INSTRUCTIONS FOR THE TASK:
Only the lines from the one that contains "Estuche Para Huawei Nova 5T Hibrido Black Estuche" through the last line of the data below should be duplicated, exactly and without pictures.

RECORDED INFORMATION:
══════

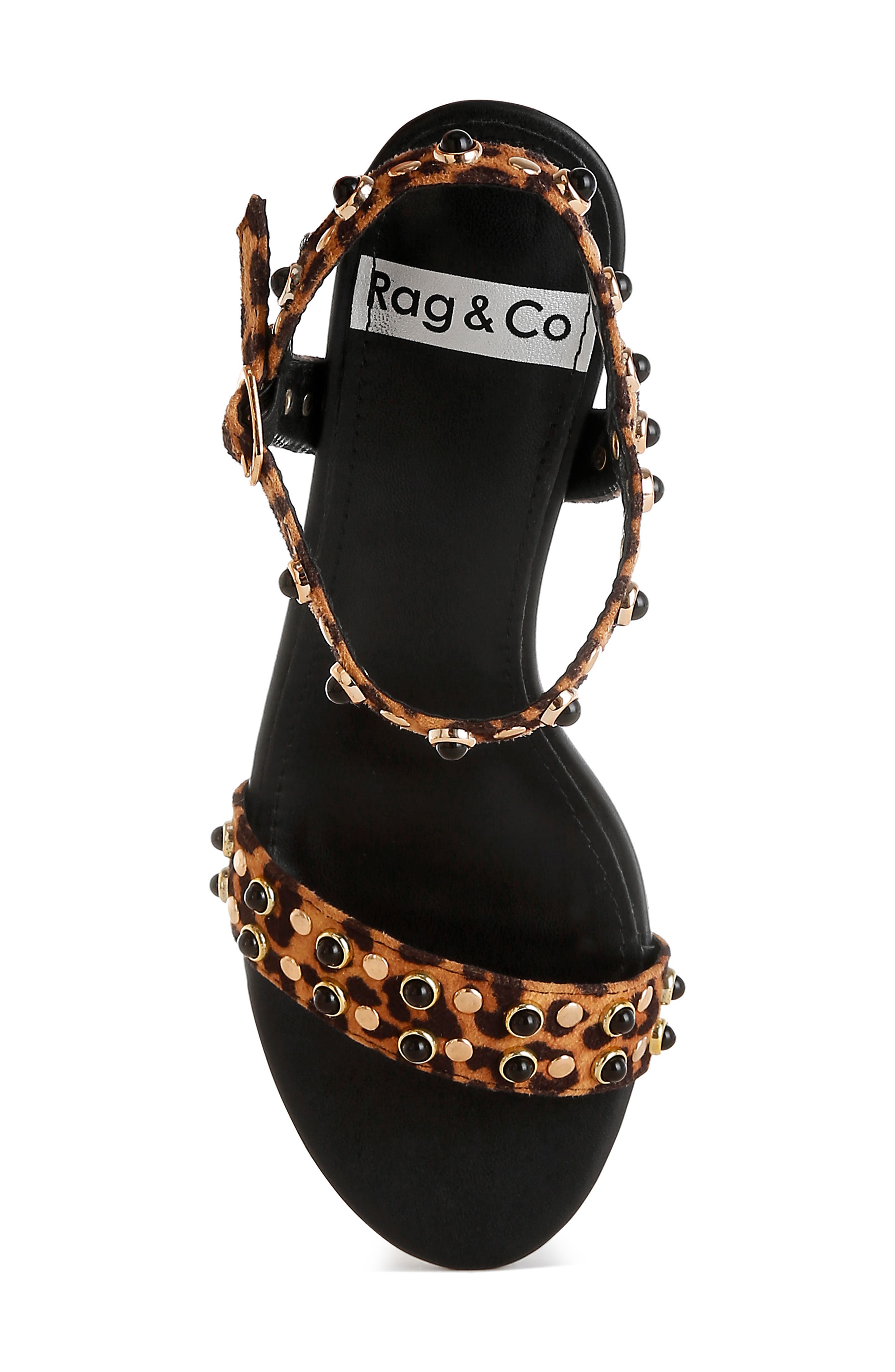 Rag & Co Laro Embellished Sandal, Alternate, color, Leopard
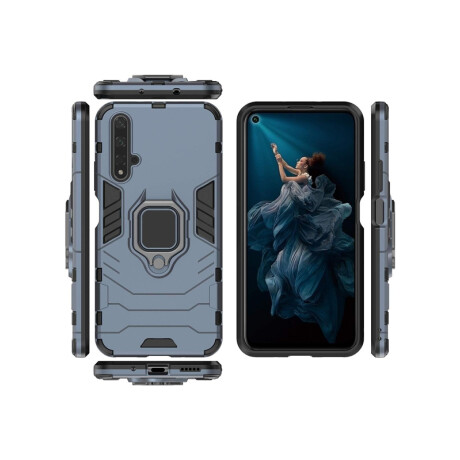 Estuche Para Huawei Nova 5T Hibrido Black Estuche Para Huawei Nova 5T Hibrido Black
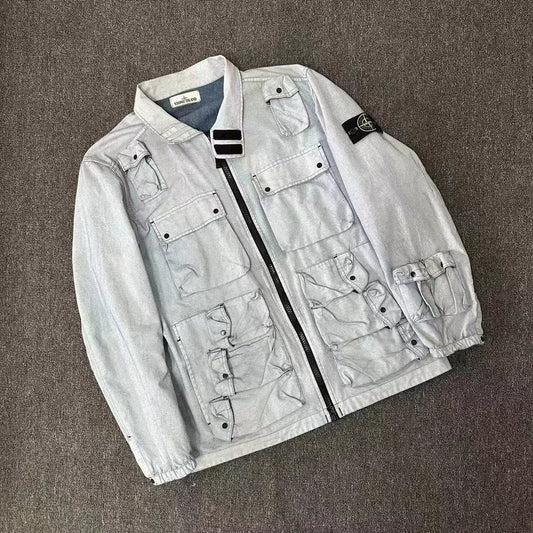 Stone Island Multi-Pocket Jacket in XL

══════

WRITTEN ANSWER:
 Estuche Para Huawei Nova 5T Hibrido Black Estuche Para Huawei Nova 5T Hibrido Black
 Stone Island Multi-Pocket Jacket in XL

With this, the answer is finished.